◆ Data in this exercise

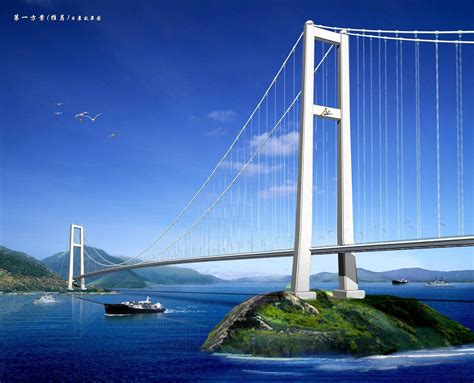 舟山跨海大桥什么时候开通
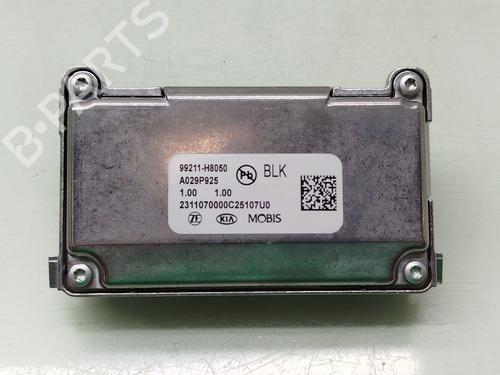 Electronic module KIA STONIC (YB) 1.0 T-GDi | BP38481530M83 - Image 3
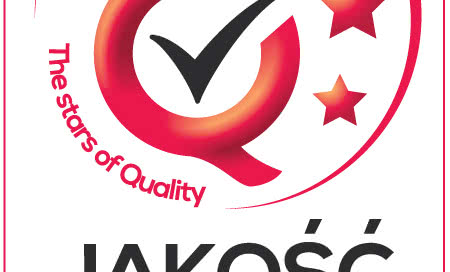 Firma JONIEC z nominacją do nagrody JAKOŚĆ ROKU 2016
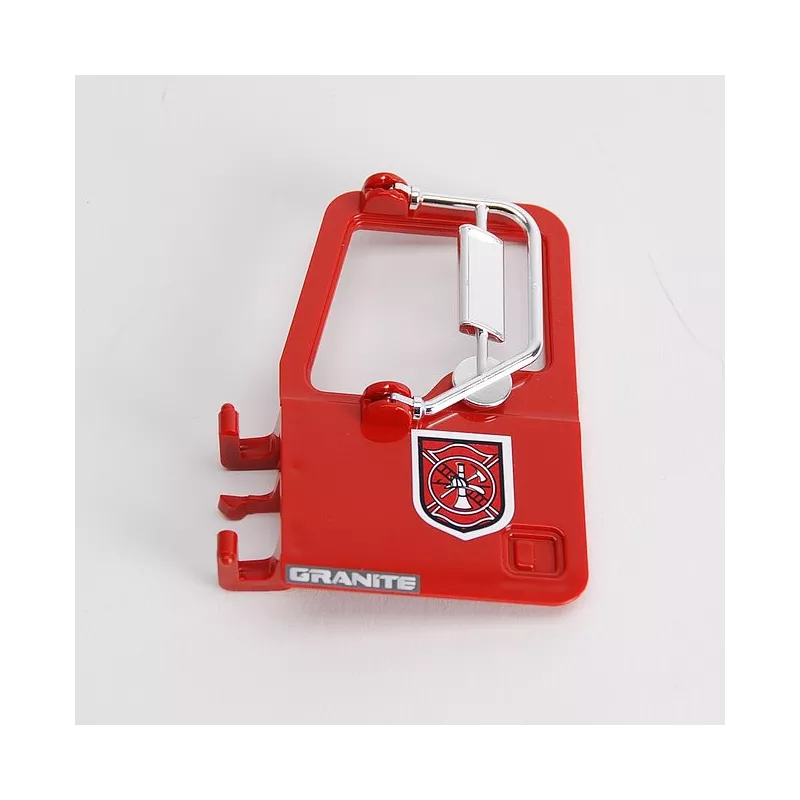 Puerta izq. para Mack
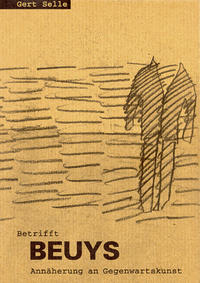 Betrifft Beuys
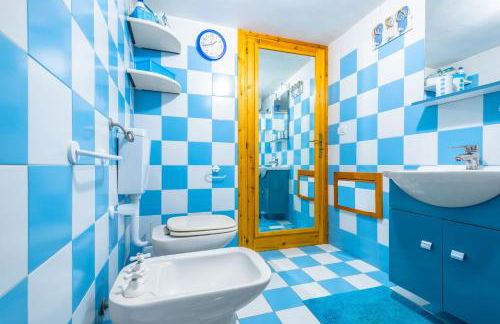 Un' Altalena sul Mare - Accesso diretto in spiaggia - Foto 5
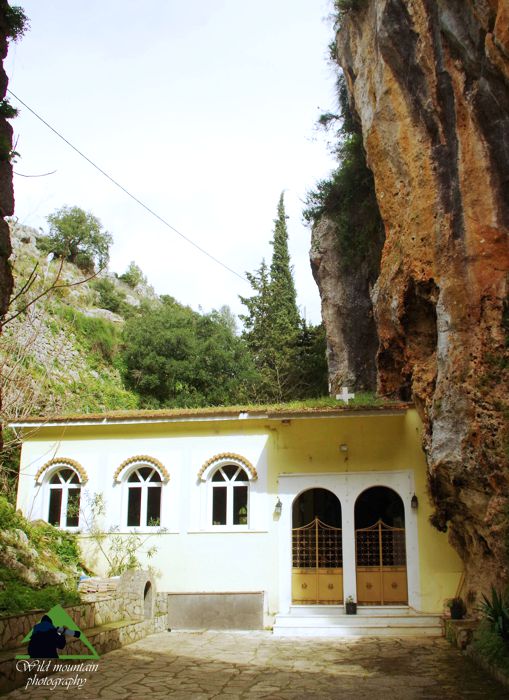 Κεφαλονιά topoguide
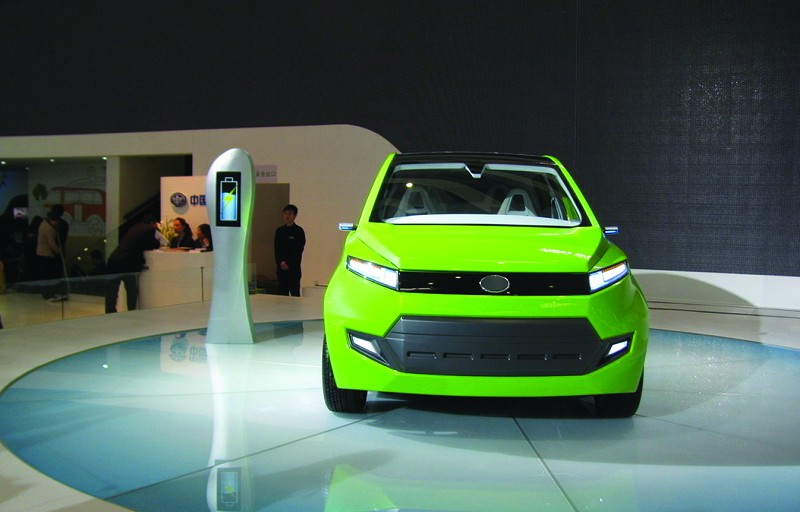 新能源補貼新政或加速出臺 業(yè)內：騙補難以為繼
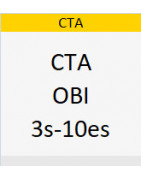 Ersatzfilter für die cta obi Komfortlüftungen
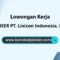 PT. Lixicon Indonesia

◆ Activity
Only the lines between the one containing "Betrifft Beuys" and the last line of the listing above, both included, should be written out, exactly and without pictures.

◆ Result of the task
 Betrifft Beuys
 Un' Altalena sul Mare - Accesso diretto in spiaggia - Foto 5
 Κεφαλονιά topoguide
 新能源補貼新政或加速出臺 業(yè)內：騙補難以為繼
 Ersatzfilter für die cta obi Komfortlüftungen
 PT. Lixicon Indonesia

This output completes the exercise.